Problem
For the records below, copy exactly the span that begins at the line containing "Zapatilla con una" and stops after the line containing "9101 Alta, Las Vegas, NV 89145", minus any pictures.

BEGIN Records supplied

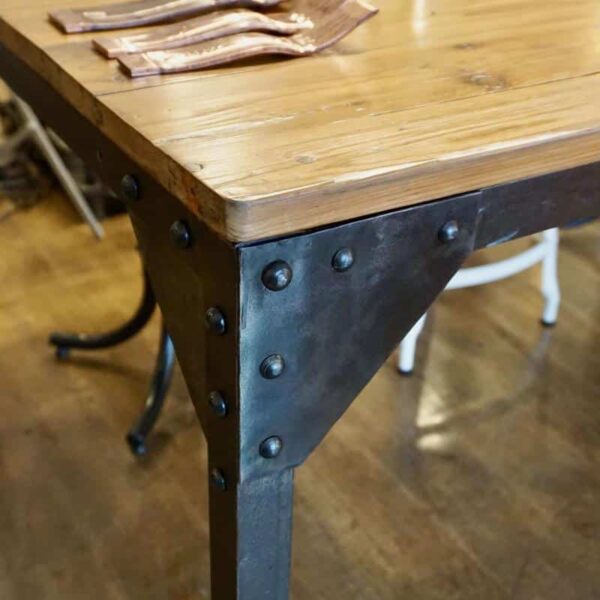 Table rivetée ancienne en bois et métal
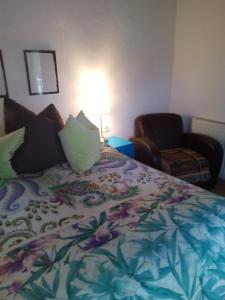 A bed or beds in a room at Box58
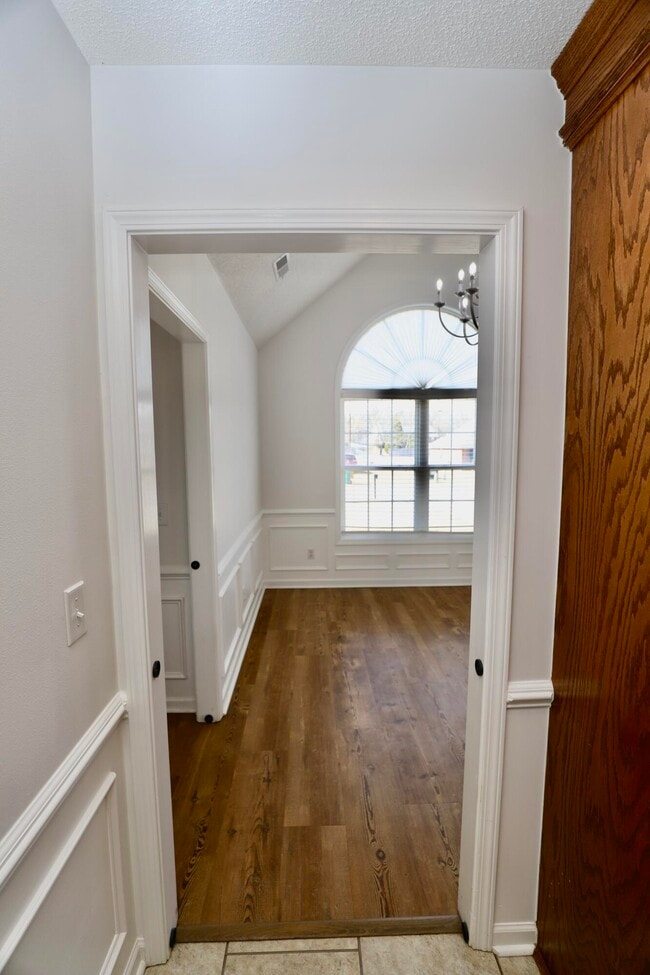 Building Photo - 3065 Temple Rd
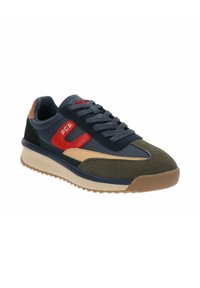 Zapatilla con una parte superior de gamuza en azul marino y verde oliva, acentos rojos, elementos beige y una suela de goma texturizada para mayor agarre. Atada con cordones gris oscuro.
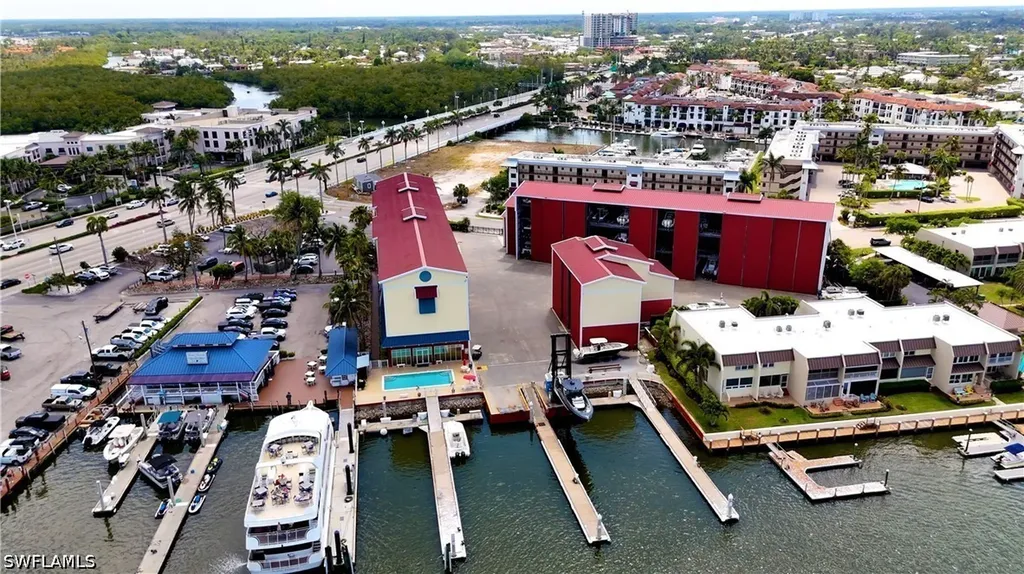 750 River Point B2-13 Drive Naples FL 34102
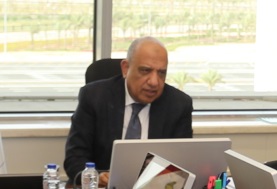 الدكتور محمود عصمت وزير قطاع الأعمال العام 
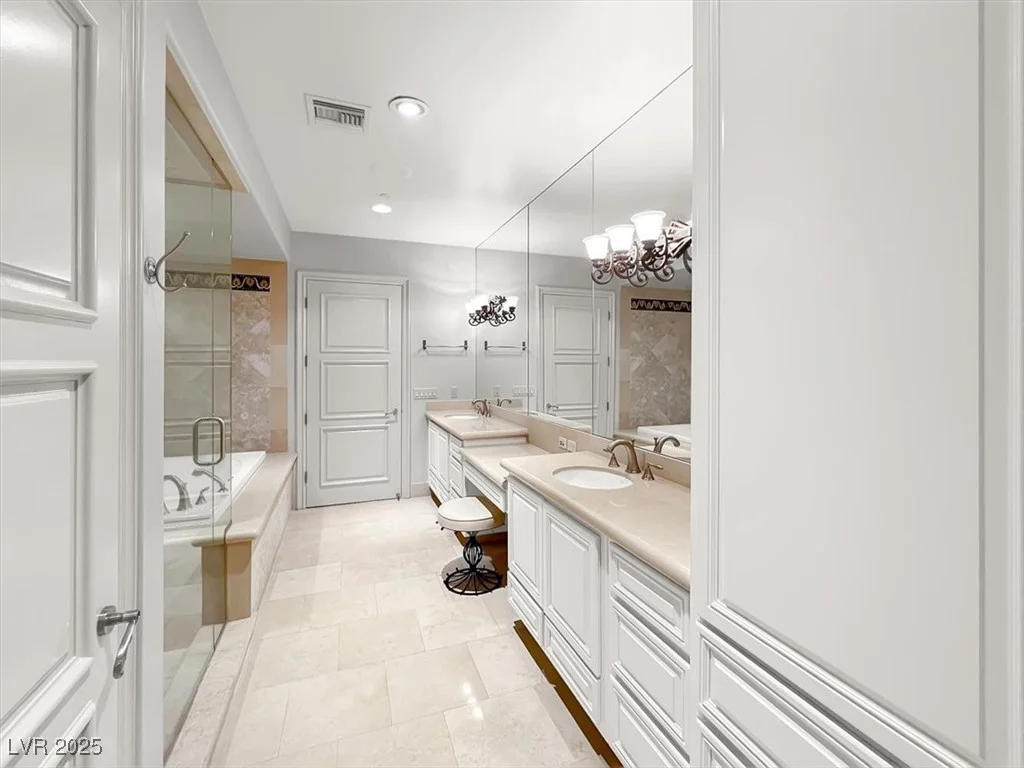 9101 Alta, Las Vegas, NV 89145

END Records supplied
BEGIN Records supplied

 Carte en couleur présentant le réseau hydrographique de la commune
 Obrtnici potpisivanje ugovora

END Records supplied
BEGIN Records supplied

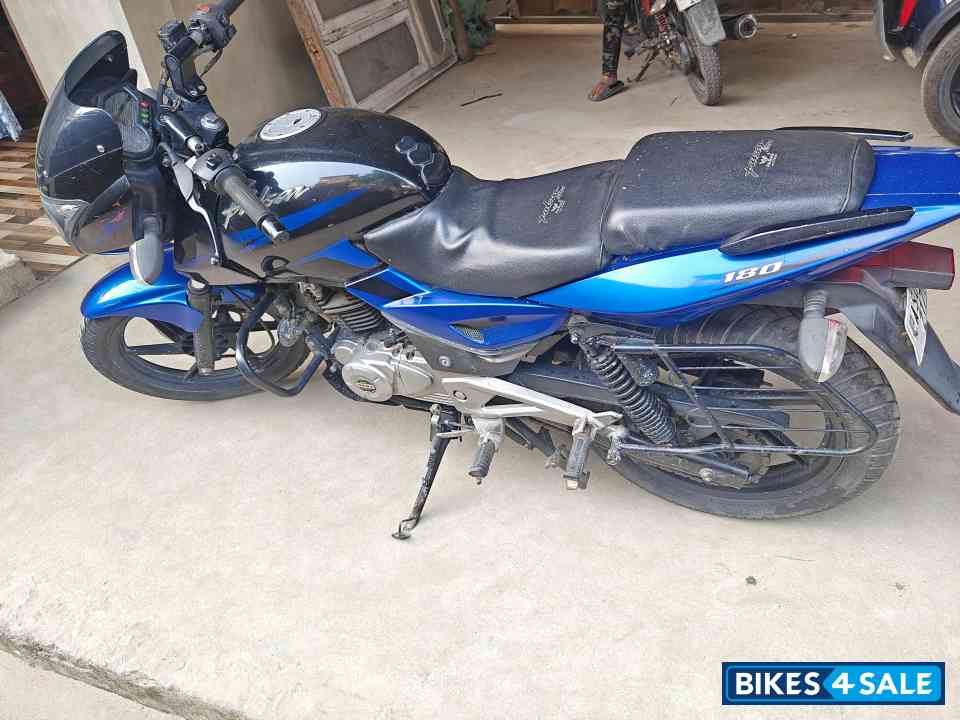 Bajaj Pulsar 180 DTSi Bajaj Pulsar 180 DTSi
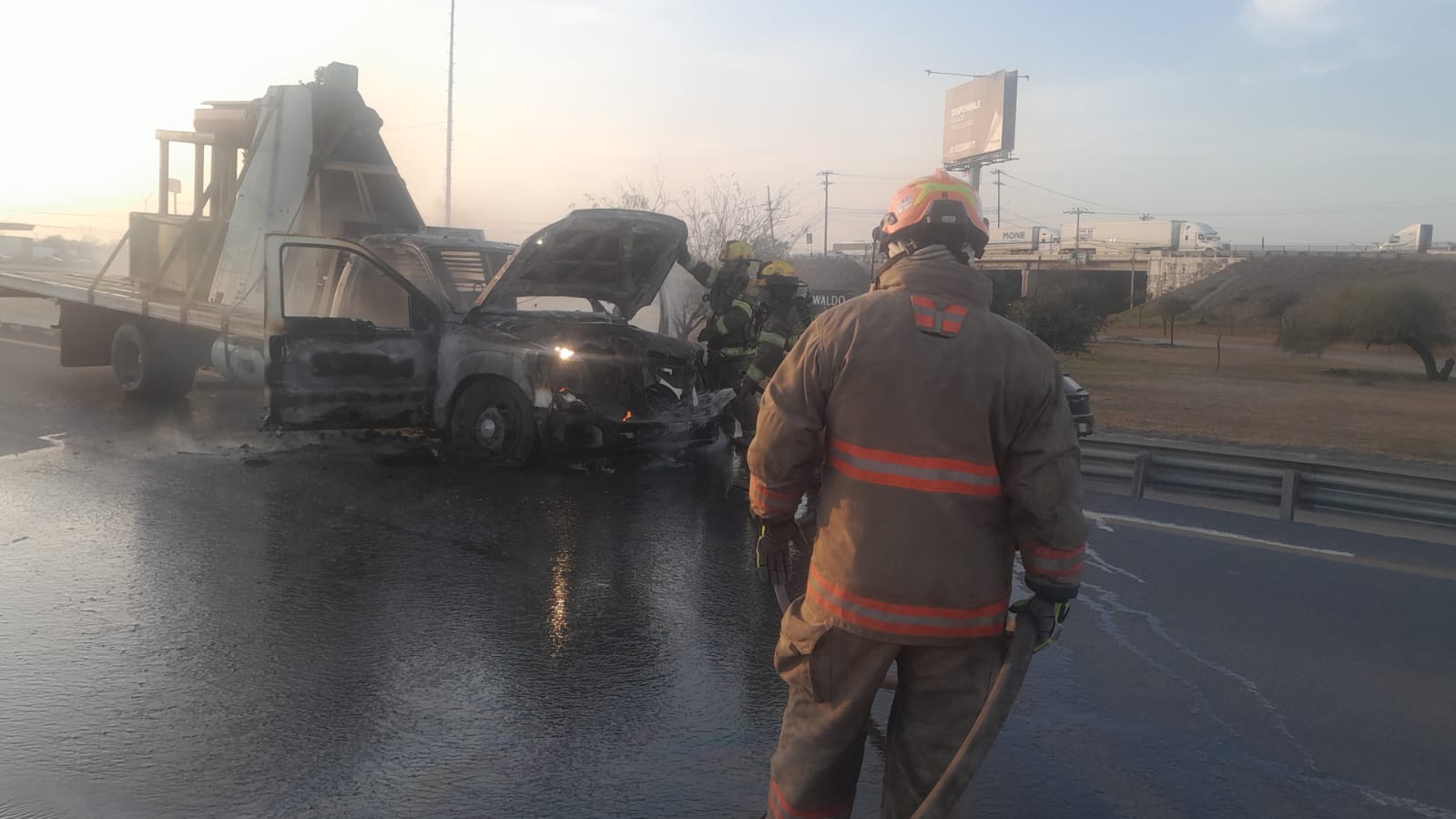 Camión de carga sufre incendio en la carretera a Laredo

END Records supplied

Written answer
 Zapatilla con una parte superior de gamuza en azul marino y verde oliva, acentos rojos, elementos beige y una suela de goma texturizada para mayor agarre. Atada con cordones gris oscuro.
 750 River Point B2-13 Drive Naples FL 34102
 الدكتور محمود عصمت وزير قطاع الأعمال العام 
 9101 Alta, Las Vegas, NV 89145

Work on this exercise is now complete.